Ghana: Invest Heritage Fund Locally ... Economist Urges Govt

5 December 2022

An economist, Dr Owusu Adu Sarkodie, has proposed to the government to bring home the Heritage Fund and invest it locally rather than in a foreign country where the interest on the fund is nominal.

According to him, the Heritage Fund is not earning any significant interest rate outside the country and would be of immense benefit to the government and future generations if the Fund is brought home and invested in infrastructure that will last years, Citinewsroom.com has reported.

"We have invested the Heritage Fund outside, and it is earning us a two percent nominal interest rate when the US inflation rate is now eight percent. So if you earn two percent on your heritage fund, it means you are getting negative real returns on the Heritage Fund.

"It does not make any economic sense or prudence to invest and get two per cent when the inflation rate of the country that you have invested in is eight per cent now. It means you are really losing," Dr Sarkodie told the host of the Big Issue, SelormAdonoo, on Saturday, December 3, 2022.

Dr Sarkodie added, "My proposal is that the Heritage Fund currently is about $1 billion. It must be brought home and invested in this country so that the government can borrow from the fund because it is better for the government to borrow from the Heritage Fund locally and pay about five percent than keeping it in somebody's country and earning us two-percent nominal and negative six percent real."

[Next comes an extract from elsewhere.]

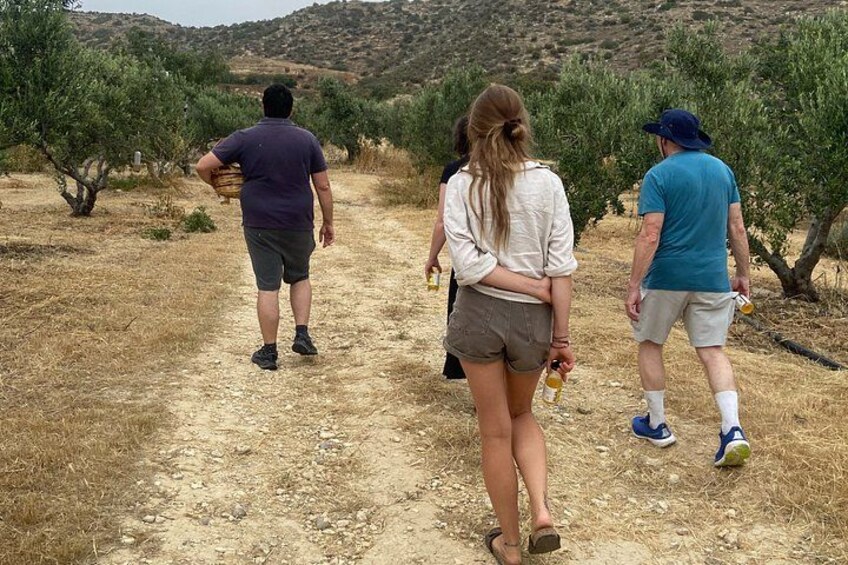 Botanical Garden and Organic Olive Grove Experience in Cyprus 4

"Honestly, I think that the Heritage Fund should be brought home and invested in physical infrastructure, something like a railway line... because the essence of the Heritage Fund is to save for the future generation... so it is better to construct roads that will last for about 100 years than to keep it in somebody's country and earn a negative real interest rate on it, it doesn't make economic prudence.

Dr Sarkodie also urged the government to digitise the collection of Property rates which he said has the potential to generate GH¢11 billion for the government as it embarks on a robust revenue mobilisation in 2023.

Franklin Cudjoe, a founding President and Chief Executive Officer of the Imani Centre for Policy and Education, agreed with the proposal of Dr Sarkodie adding that bringing the Heritage Fund to Ghana will yield more benefits to the government than keeping the fund abroad.

The purpose of the Heritage Fund is to provide an endowment to support the development of future generations when the petroleum reserves have been depleted. To achieve this objective the fund seeks to preserve and enhance the real (inflation-adjusted) purchasing power of the fund over the long term.